I'm in the same boat with respect to my IPv4 resources and I still disagree with you about authority.
The DoC involvement at this point is largely a historical fluke more than a meaningful authority over the
address space or the policies that govern it.
I think that if USDoC attempted to instruct APNIC or any of the other non-ARIN RIRs in what they should
do with IPv4 policy, you would see them tell the USDoC that it is a very nice thing that there are borders.
> I don't understand the paragraph that begins with the word second, but I would like to, could it be rephrased?
I believe he refers to the fact that initially, number policy was the realm of a single person (Jon Postel) who
later worked to create a structure under which that authority could be delegated specifically for the purposes
of territorial diversity and regional self-governance.
> I understand that you support the concept of regionality, but there are those pesky legacy addresses to consider, and they were allocated in a pre-regional Internet.
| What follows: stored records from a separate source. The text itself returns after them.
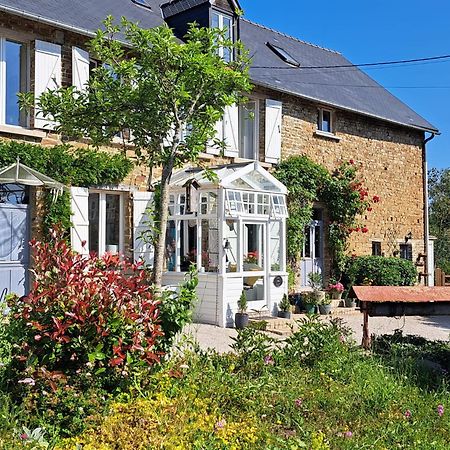 La Paix, Gite Bucolique En Normandie Conde-sur-Noireau Екстер'єр фото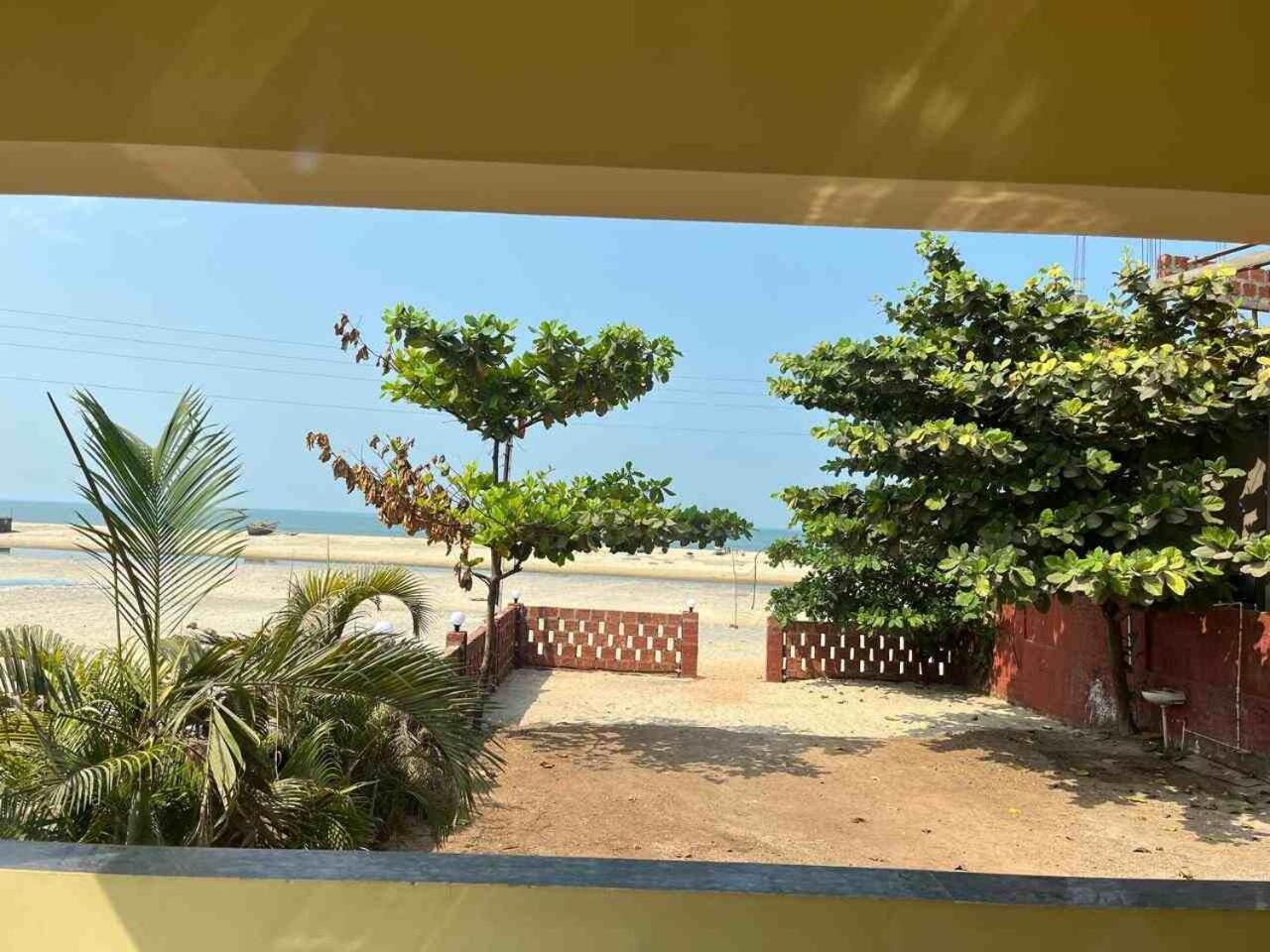 Klub Khavana- The Exclusive Beachfront Resort Vengurla Exterior foto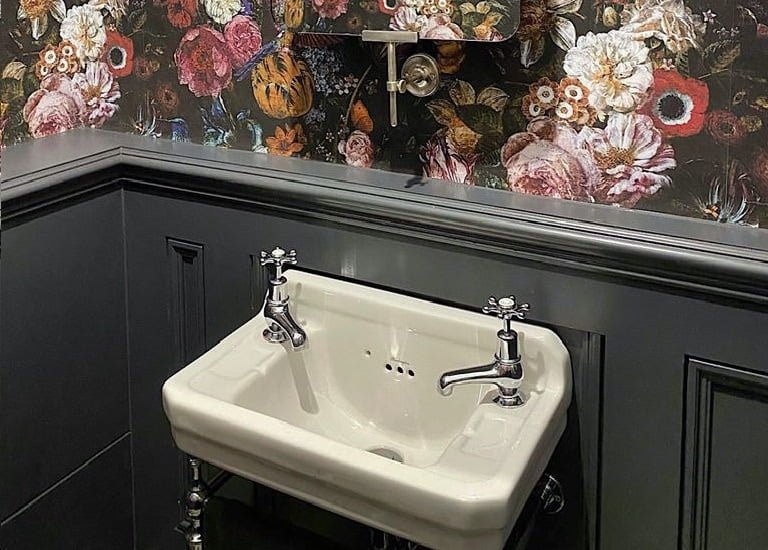 Mažas vonios kambarys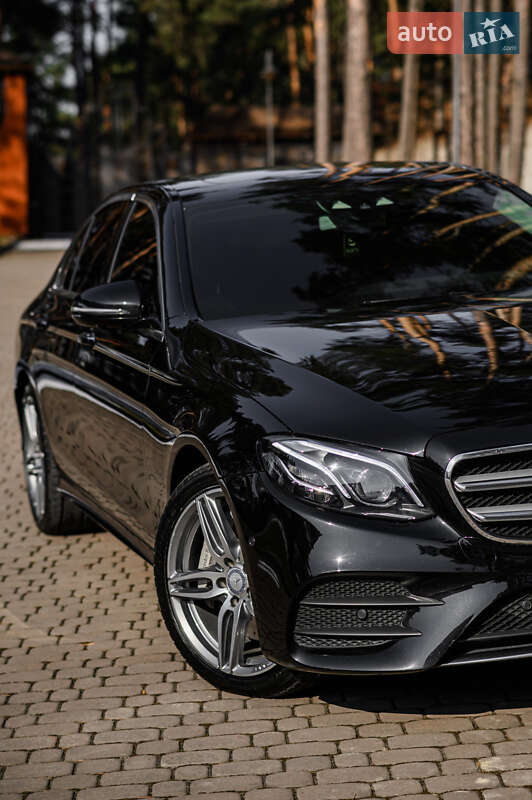 Седан Mercedes-Benz E-Class 2016 в Львові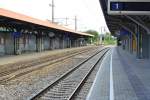 wien-sonstige �BB Hst. Atzgersdorf-Mauer am 24.Juli 2010 Blickrichtung Meidling, links alter und rechts renovierter Zustand der Bahnsteige.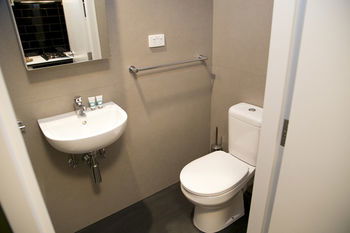 Abercrombie Student Accommodation - Accommodation Gladstone 2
Not entirely and not so pesky. Each of them have been regionalized already and each RIR has their
fraction of legacy resources for which they are responsible. Though they were allocated prior to
regions, that is rather irrelevant. Much as the creation of the continents occurred prior to national
boundaries is rather irrelevant to the fact that we now have national boundaries. Much as the
fact that national boundaries as they existed in 487 A.D. are now largely irrelevant to current
national boundaries other than as a historical context.
> Would you consider that legacy addresses, at the least, should be portable to an alternate registry?
No. An alternate registry system does nothing to improve the situation for the address
using community and only serves to increase confusion, decrease stability and otherwise
incorporate motivations other than community consensus into the policy process.
> ----- Original Message ----- From: "Eric Brunner-Williams" <ebw at abenaki.wabanaki.net>
> To: <arin-ppml at arin.net>
> Sent: Monday, May 02, 2011 1:39 PM
> Subject: Re: [arin-ppml] Accusation of fundamental conflictof interest/IPaddress policy pitched directly to ICANN
>> On 5/2/11 9:27 AM, Mike Burns wrote:
>>> The authority flows down from the US Dept of Commerce. It doesn't go
>>> from there to the RIRs and back up to ICANN.
>> what statutory authority?
>> i see two possible errors in mike's response to owen, john, etc.
>> first, he characterizes the iana function as an institutional actor, and thereby a "higher authority", rather than as a function currently contained within a set of functions in, or added to, the contract now the subject of review by the department of commerce. see the federal register of february 25th for the notice of inquiry.
>> second, in an error more generally shared than this specific context, he removes the specific purposes of diversity of territorial jurisdiction and scaling for the initial reformation of the "numbers czar" function to one which permits delegation, creating the rir responsibilities.
>> these historic purposes are not modernly inoperative, nor replaced without risk by a novel aterritorial responsibility serving no diversity of territorial or scaling interests, however beneficial such a grant of franchise may be to the recipient.